Several of the students we’ve featured on One Thing after Another studied abroad while they were enrolled at Saint Anselm College. And many faculty in the history department have spent considerable time abroad either as undergraduates, in graduate school, or since arriving at Saint Anselm College. Although going abroad is not a requirement for learning about the past, it can influence our historical thinking in important ways. For one thing, spending time abroad can help us to understand the social and cultural conditions that shaped—and were shaped by—a country’s history. Moreover, students who venture outside of the United States have access to resources that we simply don’t have at home: numerous faculty experts who specialize in local history or archives with rare and hard-to-find sources. And there is something about being in a place that changes one’s perspective. It is one thing to read about Versailles, the Berlin Wall, or Tiananmen Square. It is something else entirely to roam the halls where French monarchs lived, see the concrete remnants of the old barrier between East and West Berlin, or gaze upon a public space where a million students protested against oppression and hundreds or thousands died in a military crackdown.
Understanding the value of studying abroad, the history department has organized several study abroad programs in recent years. In 2011 and again in 2013, Professor Masur brought a group of students to Vietnam during winter break. As the students themselves explained, even a rather brief visit to Vietnam profoundly affected their understanding of contemporary Vietnam, the Vietnam War, and Vietnam’s history outside of its conflict with the United States. Professor Perrone had a similar experience when he brought students to China. His program included visits to the Great Wall, Tiananmen Square, and the Bund in Shanghai.
During the spring semester 2015, the history department is planning another exciting short-term study abroad program. As part of Professor Pajakowski and Professor Masur’s team-taught course on the Cold War, students will have the opportunity to participate in a week-long study trip to Cuba during spring break (March 1-March 8). The program in Cuba will supplement in-class material by exploring Cuba’s important role in the U.S.-Soviet rivalry. Students will learn about Castro’s rise to power, Cuba’s alliance with the Soviets, and the tense days of the Cuban Missile Crisis. The program will include an overnight trip to the Bay of Pigs, site of the CIA-orchestrated attempt to unseat Castro in 1961. Students will also gain a greater understanding of current Cuban politics and social and economic conditions in the country.
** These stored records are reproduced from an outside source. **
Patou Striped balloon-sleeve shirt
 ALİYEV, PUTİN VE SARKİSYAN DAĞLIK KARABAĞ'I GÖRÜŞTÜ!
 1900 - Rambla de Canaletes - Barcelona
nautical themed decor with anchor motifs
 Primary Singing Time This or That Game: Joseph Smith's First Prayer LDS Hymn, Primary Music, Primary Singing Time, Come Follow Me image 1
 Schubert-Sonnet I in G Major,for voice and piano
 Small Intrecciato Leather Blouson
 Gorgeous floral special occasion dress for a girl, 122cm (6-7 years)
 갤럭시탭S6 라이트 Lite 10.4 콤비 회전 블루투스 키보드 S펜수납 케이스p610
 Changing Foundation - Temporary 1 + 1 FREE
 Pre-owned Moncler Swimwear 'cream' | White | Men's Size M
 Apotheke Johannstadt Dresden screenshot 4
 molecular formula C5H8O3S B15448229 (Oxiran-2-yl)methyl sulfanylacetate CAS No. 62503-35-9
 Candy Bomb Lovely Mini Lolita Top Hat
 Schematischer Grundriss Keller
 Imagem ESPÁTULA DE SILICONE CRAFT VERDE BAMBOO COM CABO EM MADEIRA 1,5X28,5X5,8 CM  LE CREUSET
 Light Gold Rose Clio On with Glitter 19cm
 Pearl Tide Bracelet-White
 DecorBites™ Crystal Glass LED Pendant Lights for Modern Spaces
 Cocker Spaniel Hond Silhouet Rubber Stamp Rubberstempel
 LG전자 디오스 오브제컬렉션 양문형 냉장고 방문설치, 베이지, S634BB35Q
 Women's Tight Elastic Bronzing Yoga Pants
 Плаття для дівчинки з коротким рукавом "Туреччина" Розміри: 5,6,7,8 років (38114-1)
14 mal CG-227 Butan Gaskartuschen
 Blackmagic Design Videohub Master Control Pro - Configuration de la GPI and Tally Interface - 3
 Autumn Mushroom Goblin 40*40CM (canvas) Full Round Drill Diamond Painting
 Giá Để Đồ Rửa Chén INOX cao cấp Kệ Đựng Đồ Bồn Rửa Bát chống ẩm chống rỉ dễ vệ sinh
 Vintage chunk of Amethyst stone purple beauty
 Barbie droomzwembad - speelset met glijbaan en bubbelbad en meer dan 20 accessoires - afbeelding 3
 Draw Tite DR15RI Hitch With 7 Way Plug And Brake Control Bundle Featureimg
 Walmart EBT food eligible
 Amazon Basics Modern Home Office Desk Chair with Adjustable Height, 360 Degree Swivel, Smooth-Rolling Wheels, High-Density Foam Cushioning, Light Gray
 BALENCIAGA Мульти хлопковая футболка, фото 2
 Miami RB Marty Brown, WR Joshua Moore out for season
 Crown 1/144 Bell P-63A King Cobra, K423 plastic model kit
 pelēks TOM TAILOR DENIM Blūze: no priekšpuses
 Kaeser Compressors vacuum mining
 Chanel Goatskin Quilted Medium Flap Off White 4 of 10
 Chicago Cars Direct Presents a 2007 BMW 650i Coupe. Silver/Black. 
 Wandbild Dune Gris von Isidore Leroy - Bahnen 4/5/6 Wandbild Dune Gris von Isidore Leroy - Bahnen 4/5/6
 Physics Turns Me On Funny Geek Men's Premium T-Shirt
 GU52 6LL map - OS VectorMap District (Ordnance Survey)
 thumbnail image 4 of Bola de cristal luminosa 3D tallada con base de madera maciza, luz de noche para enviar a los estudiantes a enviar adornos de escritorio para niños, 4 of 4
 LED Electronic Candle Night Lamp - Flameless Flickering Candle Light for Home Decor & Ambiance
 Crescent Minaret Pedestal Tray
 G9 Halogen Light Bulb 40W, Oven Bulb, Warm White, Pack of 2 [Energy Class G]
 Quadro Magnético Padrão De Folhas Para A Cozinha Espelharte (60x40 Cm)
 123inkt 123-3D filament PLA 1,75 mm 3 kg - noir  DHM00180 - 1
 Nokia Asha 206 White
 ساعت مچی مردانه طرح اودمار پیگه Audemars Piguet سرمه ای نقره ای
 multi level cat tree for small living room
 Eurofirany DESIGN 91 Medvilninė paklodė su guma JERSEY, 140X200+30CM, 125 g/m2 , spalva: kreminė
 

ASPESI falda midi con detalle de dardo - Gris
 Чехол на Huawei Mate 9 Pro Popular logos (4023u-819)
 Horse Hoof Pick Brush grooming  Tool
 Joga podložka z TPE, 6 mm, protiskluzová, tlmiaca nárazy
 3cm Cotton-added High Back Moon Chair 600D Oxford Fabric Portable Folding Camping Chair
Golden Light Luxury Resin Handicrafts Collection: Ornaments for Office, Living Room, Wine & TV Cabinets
Professors Pajakowski and Masur will have more information about the trip in the next couple of weeks. Students who are interested in the program should plan to enroll in Hi 399: The Cold War in the spring semester. (Note: students will have the option of taking Hi 399 without participating in the Cuba trip.) We are estimating that the program will cost $2,660, not including airfare to Miami, the cost of some meals in Cuba, and spending money. (We will have a more detailed cost breakdown by the end of August).